FBXL10 promotes EMT and metastasis of breast cancer cells via regulating the acetylation and transcriptional activity of SNAI1.

作者信息

Yang Yangyang, Zhao Binggong, Lv Linlin, Yang Yuxi, Li Shujing, Wu Huijian

机构信息

School of Bioengineering & Key Laboratory of Protein Modification and Disease, Liaoning Province, Dalian University of Technology, Dalian, Liaoning Province, China.

出版信息

Cell Death Discov. 2021 Oct 30;7(1):328. doi: 10.1038/s41420-021-00722-7.

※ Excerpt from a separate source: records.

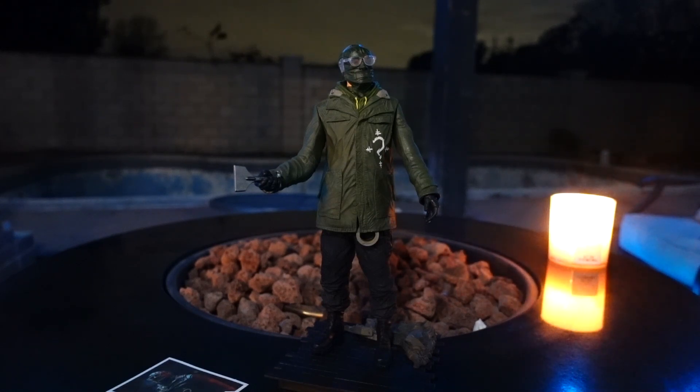I don't know if McFarlane is going to stop there or give us any other characters in these 12-inch scale figures. Let me know in the comments down below if you think this is a pickup or a pass, and are you excited for the movie? I know a lot of people aren't crazy about the design of the Riddler, but we'll see how all of this plays out in the film. Thank you for watching guys, we'll see you soon. Later.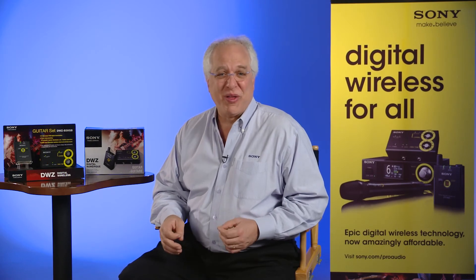Unlike other digital wireless systems that require pairing one transmitter to one receiver, the DWZ series allows for the advanced setup of additional transmitters on your other guitars, pre-selected to operate on different channels. By simply choosing the channel for the guitar you want to play on the receiver's channel selector, you can easily switch to another wireless guitar rig during performance, without needing to reconnect or move the transmitter from one guitar to another.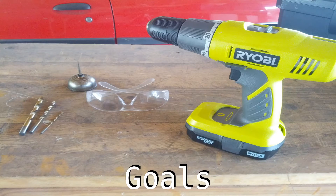The first thing we want to look at is goals — what are we trying to achieve when we drill metal? Obviously we want a nice clean hole, precisely where we planned it to be. We want to do the job pretty quickly, and we don't want to dull the bits or damage the tools.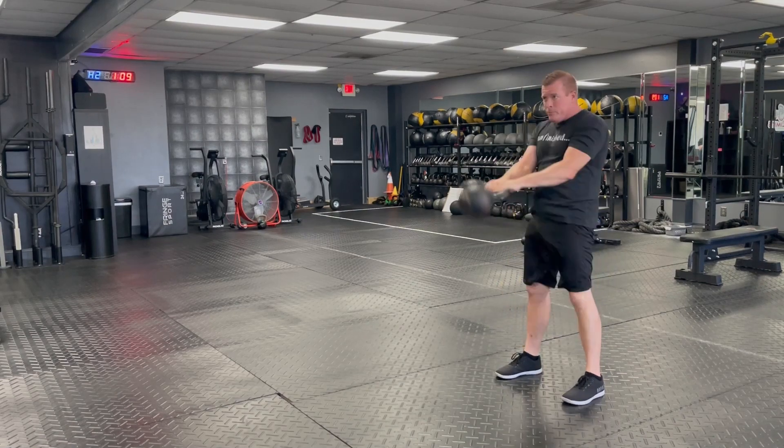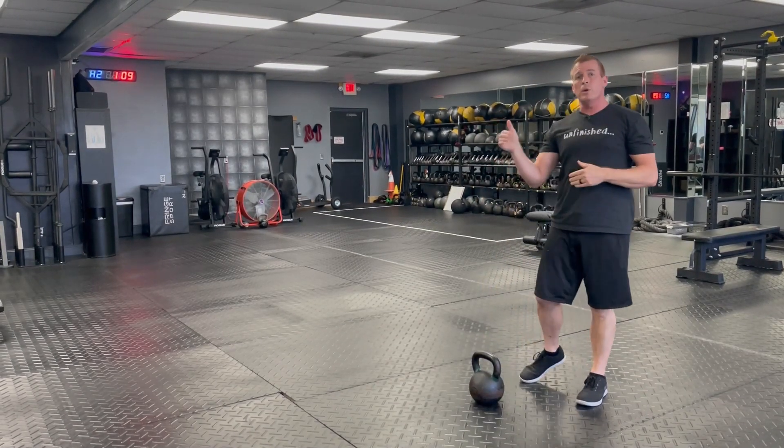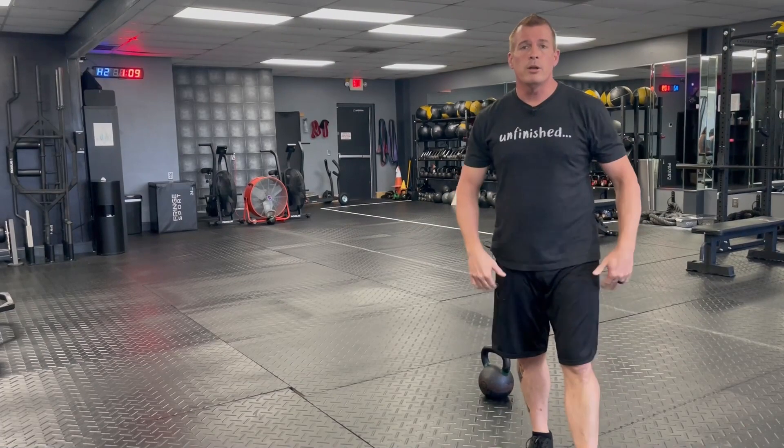From there, you're going to hike it back, swing it, park it back to the floor. The top of your swing should be a plank. Brace just as you would be in plank — squeezing your abs, your butt, your legs, everything from your shoulders all the way to the ground.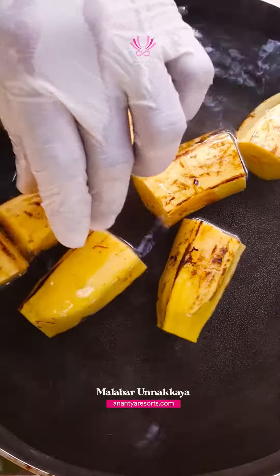Four bananas of this size would probably give you about eight unnakai.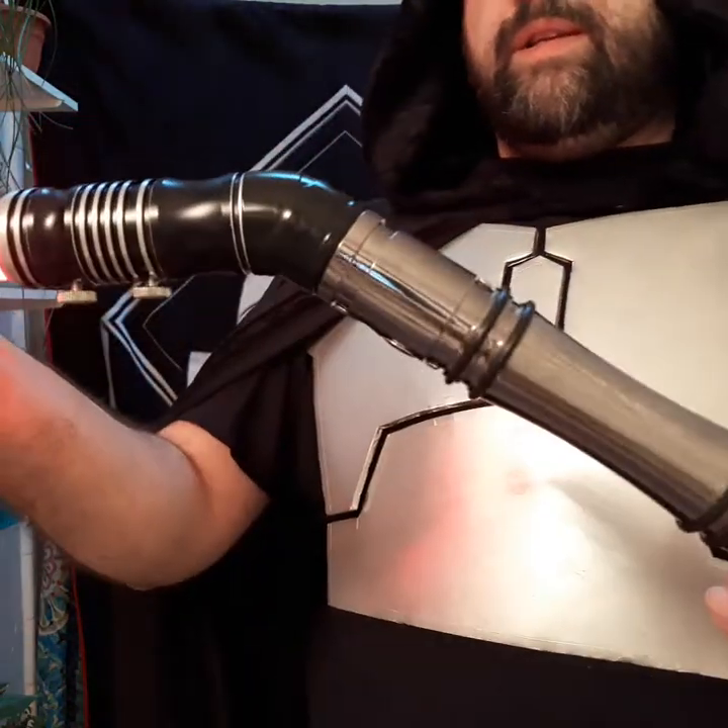Hello there. Today I want to show you guys my curved, or rather angled, saber.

DOI:10.1038/s41420-021-00722-7
PMID:34718323
原文链接:https://pmc.ncbi.nlm.nih.gov/articles/PMC8557203/
Abstract

F-box and leucine-rich repeat protein 10 (FBXL10) has been reported to play a regulatory role in the initiation and development of breast cancer. Bioinformatics analyses revealed that FBXL10 may involve in the process of cytoskeleton organization. This research aimed to investigate the function of FBXL10 in epithelial-mesenchymal transition (EMT) and metastasis of breast cancer, and tried to reveal the molecular mechanism involved in this issue. Functional experiments in vitro revealed that FBXL10 promoted the migration and invasion of breast cancer cells through inhibiting E-cadherin expression and inducing EMT. Mechanical studies revealed that FBXL10 could specifically interact with SNAI1, but not Slug or ZEB1. And it promoted the transcriptional repression activity of SNAI1 on CDH1 in breast cancer cells. Furthermore, FBXL10 had a positive role for the deacetylation of SNAI1 by facilitating the interaction between SNAI1 and HDAC1, a dominating deacetylase of SNAI1. And the deacetylated SNAI1 showed a more suppressive ability to inhibit the transcription of E-cadherin. Moreover, mouse models were also conducted to confirm the effect of FBXL10 on the lung metastasis of breast cancer in vivo. Totally, our data revealed that FBXL10 served as a pro-metastatic factor in breast cancer via repressing the expression of E-cadherin and inducing EMT. It may provide a novel regulatory axis in the EMT of breast cancer.

摘要

据报道,F-box和富含亮氨酸重复序列蛋白10(FBXL10)在乳腺癌的发生和发展中起调节作用。生物信息学分析表明,FBXL10可能参与细胞骨架组织过程。本研究旨在探讨FBXL10在乳腺癌上皮-间质转化(EMT)和转移中的作用,并试图揭示其中涉及的分子机制。体外功能实验表明,FBXL10通过抑制E-钙黏蛋白表达和诱导EMT促进乳腺癌细胞的迁移和侵袭。机制研究表明,FBXL10可特异性地与SNAI1相互作用,但不与Slug或ZEB1相互作用。并且它促进了SNAI1对乳腺癌细胞中CDH1的转录抑制活性。此外,FBXL10通过促进SNAI1与SNAI1的主要去乙酰化酶HDAC1之间的相互作用,对SNAI1的去乙酰化具有积极作用。去乙酰化的SNAI1对抑制E-钙黏蛋白转录表现出更强的抑制能力。此外,还建立了小鼠模型以在体内证实FBXL10对乳腺癌肺转移的影响。总的来说,我们的数据表明,FBXL10通过抑制E-钙黏蛋白表达和诱导EMT,在乳腺癌中作为促转移因子发挥作用。它可能为乳腺癌的EMT提供一个新的调控轴。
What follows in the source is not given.